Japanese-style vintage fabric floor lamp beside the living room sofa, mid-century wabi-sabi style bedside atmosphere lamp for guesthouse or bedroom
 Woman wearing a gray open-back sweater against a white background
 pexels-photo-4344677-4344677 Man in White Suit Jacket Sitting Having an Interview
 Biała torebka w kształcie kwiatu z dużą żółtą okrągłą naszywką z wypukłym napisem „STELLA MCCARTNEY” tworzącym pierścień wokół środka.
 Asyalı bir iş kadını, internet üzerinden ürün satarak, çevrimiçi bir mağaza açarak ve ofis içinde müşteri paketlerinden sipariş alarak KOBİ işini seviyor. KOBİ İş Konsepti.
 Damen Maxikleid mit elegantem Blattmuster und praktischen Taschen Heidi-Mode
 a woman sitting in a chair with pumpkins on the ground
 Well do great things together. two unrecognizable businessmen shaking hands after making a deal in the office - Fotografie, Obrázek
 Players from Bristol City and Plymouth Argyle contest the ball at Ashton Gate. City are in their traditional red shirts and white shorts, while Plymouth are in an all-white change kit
◆ ◆ ◆ ◆ ◆
§ **YOUR OBJECTIVE**: Would you repeat each of the records above exactly?

§ **YOUR SOLUTION**:
Japanese-style vintage fabric floor lamp beside the living room sofa, mid-century wabi-sabi style bedside atmosphere lamp for guesthouse or bedroom
 Woman wearing a gray open-back sweater against a white background
 pexels-photo-4344677-4344677 Man in White Suit Jacket Sitting Having an Interview
 Biała torebka w kształcie kwiatu z dużą żółtą okrągłą naszywką z wypukłym napisem „STELLA MCCARTNEY” tworzącym pierścień wokół środka.
 Asyalı bir iş kadını, internet üzerinden ürün satarak, çevrimiçi bir mağaza açarak ve ofis içinde müşteri paketlerinden sipariş alarak KOBİ işini seviyor. KOBİ İş Konsepti.
 Damen Maxikleid mit elegantem Blattmuster und praktischen Taschen Heidi-Mode
 a woman sitting in a chair with pumpkins on the ground
 Well do great things together. two unrecognizable businessmen shaking hands after making a deal in the office - Fotografie, Obrázek
 Players from Bristol City and Plymouth Argyle contest the ball at Ashton Gate. City are in their traditional red shirts and white shorts, while Plymouth are in an all-white change kit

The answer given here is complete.